When hydrophobic concrete is made through the use of an admixture, a powder with the hydrophobic chemicals is added during the batching process. In other words, it is added to the concrete mixture itself when the concrete is laid. The usual dosage is two to three percent of the concrete mixture. Because water is a part of the batching process, an additional curing process is not required. This approach is easier and less labor-intensive, but it can only be used when new concrete is laid.

== Uses ==
Hydrophobic concrete can be used in the same applications as regular concrete, most often where regular concrete is dangerous to repair or the cost of structural damage would be highly detrimental. Tunnel work is a major application of hydrophobic concrete as underground repairs are difficult and costly. It is also a favorite choice for laying foundations for buildings and sidewalks in locations below the water table.

Underwater use of hydrophobic concrete is a major application in marine facilities. Is often used to hold water to create pools and ponds. NASA used hydrophobic concrete to build the swimming pool used to train astronauts for walking on the Moon. Hydrophobic concrete is also used in applications that are exposed to rain or rain puddling, such as green roofs, other kinds of roofs, parking structures, and plazas.

== Advantages==

Amongst the many benefits of using hydrophobic concrete, it reduces installation time and lowers costs.
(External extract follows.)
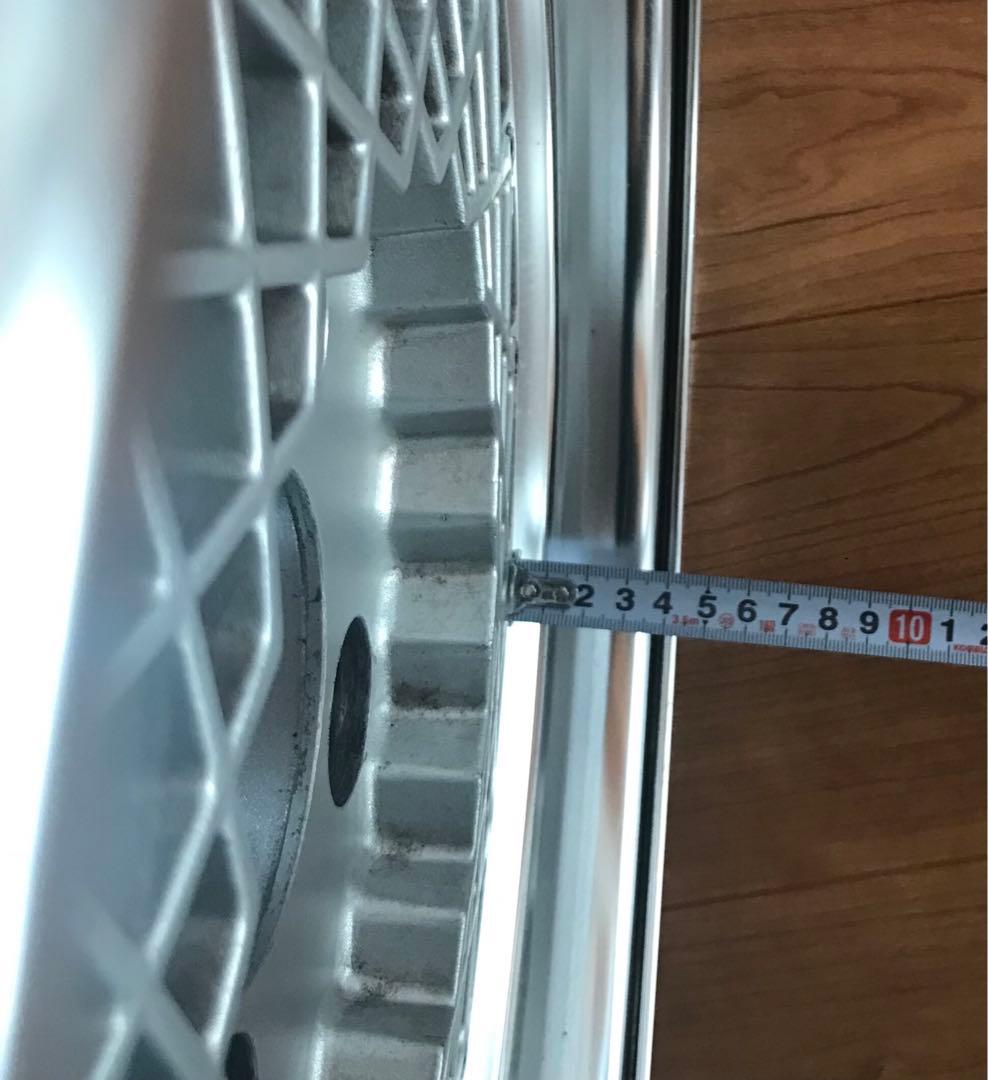 Stacked  ③④SSR スピードスター メッシュ　16インチ7J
Use of hydrophobic concrete can reduce the labor time of industrial project because normal concrete involves a corrosion proofing period as well as a waterproofing period. With hydrophobic concrete, both corrosion proofing and waterproofing are done at the same time.

Likewise, time reduction reduces installation costs. Regular, membrane-backed concrete can cost around US$5 per square foot, although prices can vary based on the application. The one-step installation process of hydrophobic concrete brings the cost down to about US$3.20 per square foot. Such savings can quickly add up over the course of a project, as reported by the Hycrete company of southern California.

An estimated five billion dollars were spent in Western Europe alone on hydrophilic cement repairs in 1998. Most of the repairs were necessary due to the damage of water corrosion in urban areas. Because there is little or no water corrosion, hydrophobic concrete is better preserved than regular concrete, which typically looks worn and aged after a few years.

From an environmental standpoint, hydrophobic concrete is also beneficial because it is "green". Its ability to be re-crushed makes it easily reusable. Although regular concrete can be re-crushed, it involves a very costly process, which often means that the concrete ends up in a landfill. This advantage of hydrophobic concrete enables its cost-efficient reuse in future projects.

== Disadvantages==
Some other cons to hydrophobic concrete come from the application process. When applied as a coating, it can only penetrate up to 12 inches into the material. Also, the coating process itself is extremely labor-intensive. If the structure is thicker than 12 inches, or it is a large-area project, an admixture approach would have better results.

Using the alternative crystalline technology to produce hydrophobic concrete is only possible when water is present, since the surface must be carefully wetted before the coating is applied.